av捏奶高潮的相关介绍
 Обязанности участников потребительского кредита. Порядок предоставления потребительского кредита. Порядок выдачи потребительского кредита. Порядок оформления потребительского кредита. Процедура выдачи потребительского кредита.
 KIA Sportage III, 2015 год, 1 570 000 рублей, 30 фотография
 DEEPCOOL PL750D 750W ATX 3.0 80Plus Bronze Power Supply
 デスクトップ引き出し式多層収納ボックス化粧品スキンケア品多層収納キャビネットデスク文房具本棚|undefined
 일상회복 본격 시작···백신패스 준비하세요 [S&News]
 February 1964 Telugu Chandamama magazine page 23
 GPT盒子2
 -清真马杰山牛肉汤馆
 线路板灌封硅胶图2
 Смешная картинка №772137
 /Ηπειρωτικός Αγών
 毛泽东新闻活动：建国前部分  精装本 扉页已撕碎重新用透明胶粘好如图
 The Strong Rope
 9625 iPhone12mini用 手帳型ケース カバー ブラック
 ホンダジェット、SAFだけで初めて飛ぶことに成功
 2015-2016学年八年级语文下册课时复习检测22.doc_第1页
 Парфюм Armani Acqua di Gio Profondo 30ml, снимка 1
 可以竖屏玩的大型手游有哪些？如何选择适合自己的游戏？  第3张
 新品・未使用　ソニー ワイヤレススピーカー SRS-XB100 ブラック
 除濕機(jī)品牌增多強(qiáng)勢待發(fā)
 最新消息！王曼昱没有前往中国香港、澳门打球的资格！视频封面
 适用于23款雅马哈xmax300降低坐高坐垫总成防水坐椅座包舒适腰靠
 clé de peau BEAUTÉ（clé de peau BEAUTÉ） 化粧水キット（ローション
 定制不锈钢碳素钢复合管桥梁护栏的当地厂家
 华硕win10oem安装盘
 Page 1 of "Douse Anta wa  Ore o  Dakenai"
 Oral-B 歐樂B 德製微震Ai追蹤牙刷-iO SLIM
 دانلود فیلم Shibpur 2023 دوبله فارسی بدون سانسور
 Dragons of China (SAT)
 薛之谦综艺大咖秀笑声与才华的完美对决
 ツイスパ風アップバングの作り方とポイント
= = =
Search the entries for the string "ブラック" and copy each line where it occurs.

 9625 iPhone12mini用 手帳型ケース カバー ブラック
 新品・未使用　ソニー ワイヤレススピーカー SRS-XB100 ブラック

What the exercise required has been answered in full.